Guided Strategy Discovery

Public implementation for the paper Generalized Behavior Learning from Diverse Demonstrations, published at the OOD Workshop at CoRL 2023.

Update: Poster presented at the workshop additionally visualizes characteristics of learned behaviors in FetchPickPlace. Check it out!

Setup

Our implementation uses pytorch. We recommend setting up a conda environment. env.yaml provides the environment file.

conda env create -f env.yaml

Additionally, mujoco210 is required. Please download and setup from the official source.

Training

To run models for any of the domains, first use the provided base commands and then proceed to modify command line arguments as indicated.

Importance weight of diversity lambda_I is implemented as 1-dr_cc. For example, to set lambda_I=0.2, use --dr_cc 0.8. For sweep range, please refer to the paper appendix.

For regularization methods (SN, GSD), magnitude of regularization lambda_C is implemented as dl_scale.

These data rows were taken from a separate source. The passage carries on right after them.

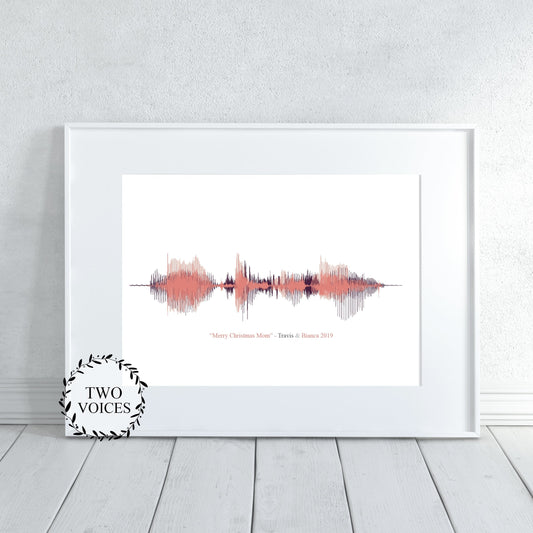 Custom multi sound wave wall art featuring two voices in personalized audio design

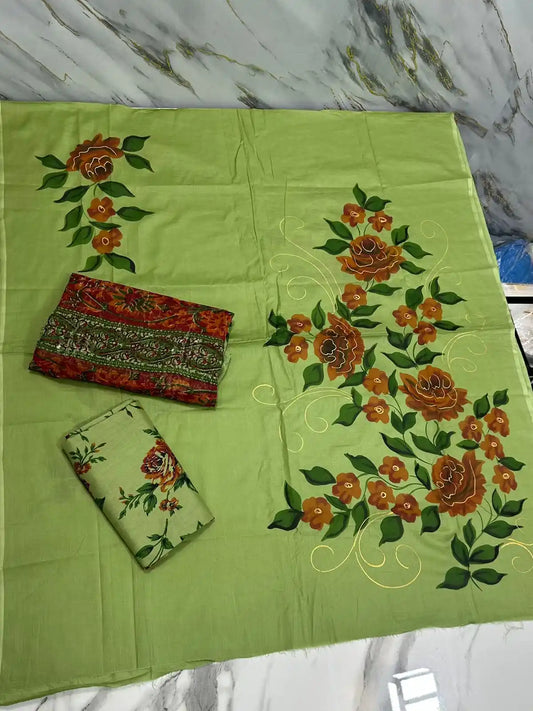 HAND-PAINTED LAWN 3-PIECE SUIT WITH EMBROIDERED CHIFFON DUPATTA & PRINTED TROUSER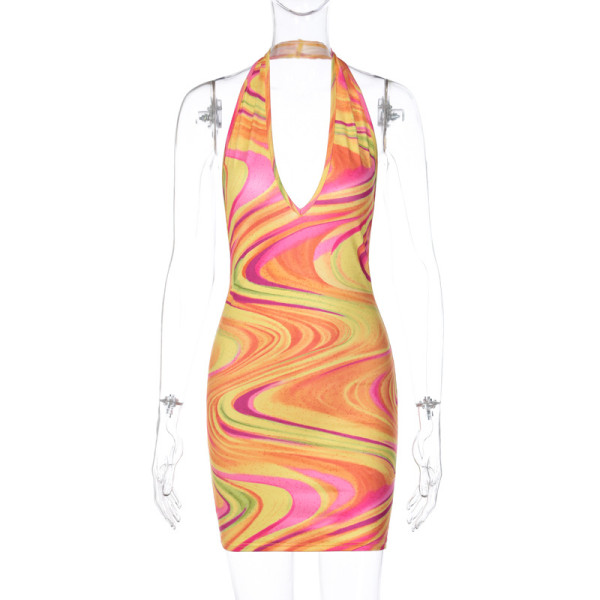 Printed Sexy Off Back Wall Slim Fit Wrap Hip Dress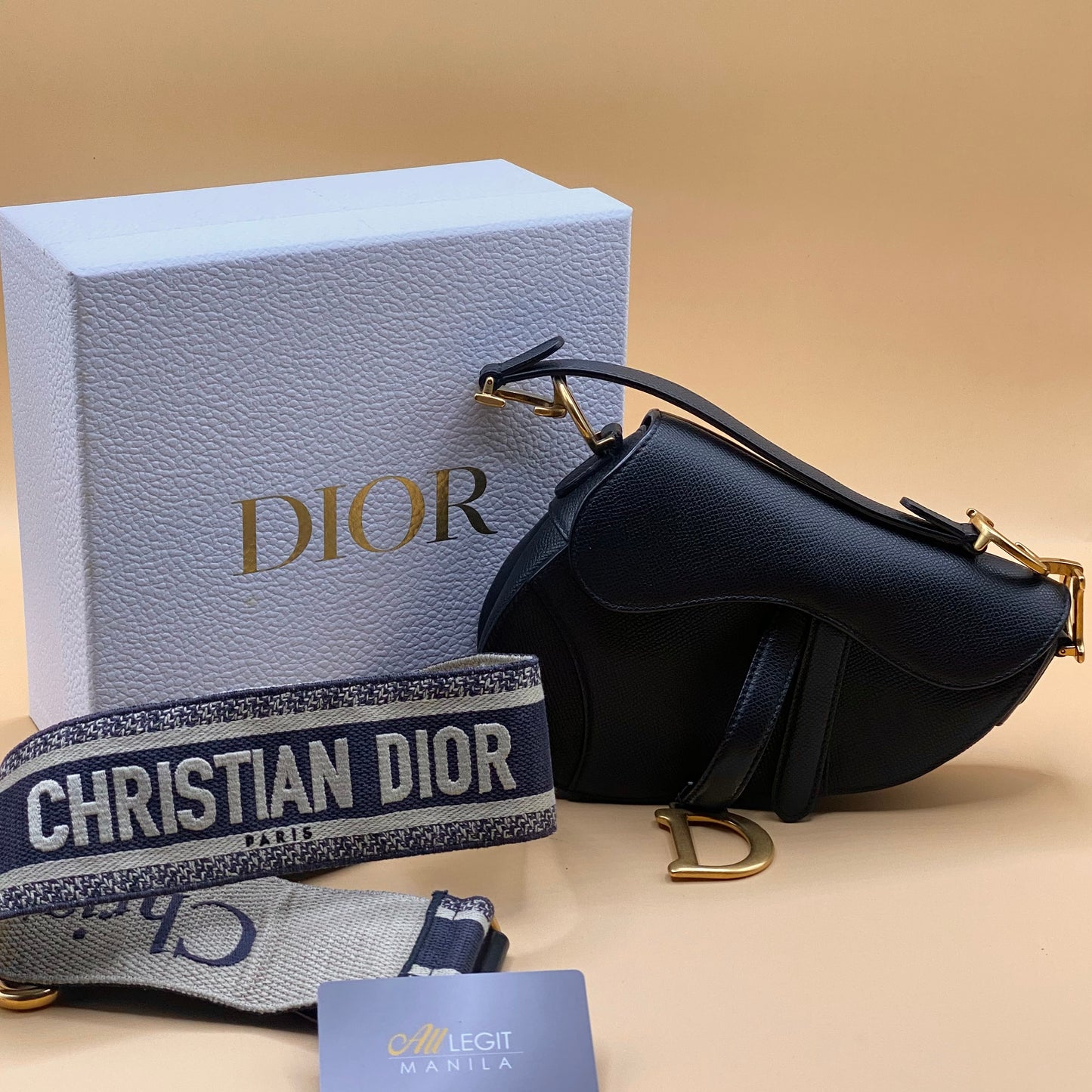 CHRISTIAN DIOR MINI SADDLE w/ STRAP—BLACK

For example, to set lambda_C=0.1, use --dl_scale 0.1. For sweep ranges for each domain, please refer to the paper appendix.

Base commands

We provide the base commands for each domain to train InfoGAIL (IG).

PointMaze

python code/vild_main.py \
    --env_id -5 --c_data 1 --v_data 1 \
    --max_step 2500000 --big_batch_size 1000 --bc_step 0 \
    --il_method infogsdr --rl_method ppo \
    --encode_dim 2 --encode_sampling normal \
    --info_loss_type bce --clip_discriminator 0 --offset_reward 0 \
    --ac_dec 0 --ac_rew 1 \
    --dr_cc 0.9 --gp_lambda 0.01 --learning_rate_d 1e-3 \
    --p_step 1 --lr_p 1e-3 --wd_p 0 --lr_dk 0 \
    --reg_dec 0 --sn_dec 0 --dl_l2m 0 \
    --dl_scale 0.0001 --dl_linit 100 --dl_llr 1e-3 --dl_slack 1e-6 \
    --seed 1

InvertedPendulum

python code/vild_main.py \
    --env_id -71 --c_data 1 --max_step 10000000 --v_data 2 \
    --il_method infogsdr --rl_method ppo \
    --encode_dim 2 --encode_sampling normal \
    --info_loss_type bce --clip_discriminator 0 --offset_reward 0 \
    --ac_dec 1 --ac_rew 1 \
    --dr_cc 0.9 --gp_lambda 0.1 --learning_rate_d 1e-3 \
    --p_step 1 --lr_p 1e-3 --wd_p 0 --lr_dk 0 \
    --reg_dec 0 --sn_dec 0 \
    --dl_scale 0.001 --dl_linit 100 --dl_llr 1e-3 --dl_slack 1e-6 --dl_l2m 0 \
    --seed 1 --nthreads 2

HalfCheetah

python code/vild_main.py \
    --env_id -20 --c_data 1 --max_step 10000000 \
    --il_method infogsdr --rl_method ppo \
    --encode_dim 2 --encode_sampling normal \
    --info_loss_type bce --clip_discriminator 0 --offset_reward 0 \
    --ac_dec 1 --ac_rew 1 \
    --dr_cc 0.9 --gp_lambda 0.1 --learning_rate_d 1e-3 \
    --p_step 1 --lr_p 1e-3 --wd_p 0 --lr_dk 0 \
    --reg_dec 0 --sn_dec 0 \
    --dl_scale 0.001 --dl_linit 10 --dl_llr 1e-4 --dl_slack 1e-6 --dl_l2m 0 \
    --seed 1 --nthreads 2

FetchPickPlace

python code/vild_main.py \
    --env_id -43 --c_data 1 --max_step 10000000 \
    --il_method infogsdr --rl_method ppobc --bc_cf 0.1 --norm_obs 1 \
    --encode_dim 2 --encode_sampling normal \
    --info_loss_type bce --clip_discriminator 0 --offset_reward 0 \
    --ac_dec 1 --ac_rew 1 \
    --dr_cc 0.9 --gp_lambda 0.1 --learning_rate_d 1e-3 \
    --p_step 1 --lr_p 1e-3 --wd_p 0 --lr_dk 0 \
    --reg_dec 0 --sn_dec 0 \
    --dl_scale 0.001 --dl_linit 100 --dl_llr 1e-3 --dl_slack 1e-6 --dl_l2m 0 \
    --seed 1 --nthreads 2

Modifications to run various models

Modifications of base command for IG+M PointMaze

--clip_discriminator 5

Others

--clip_discriminator 10

Modifications of base command for IG+M+SN

--clip_discriminator 5/10
--sn_dec 1

Modifications of base command for GSD (Our regularization)

--clip_discriminator 5/10
--reg_dec 1 --dl_l2m 1

Evaluation

Please use the below command to perform evaluation as in the submission, by setting the correct env_id, v_data and policy path path as indicated below. The sampling process is parallelized by default. To set the desired number of threads, modify code/run_model.py:L436 to set NPARALLEL=<desired_nthreads>.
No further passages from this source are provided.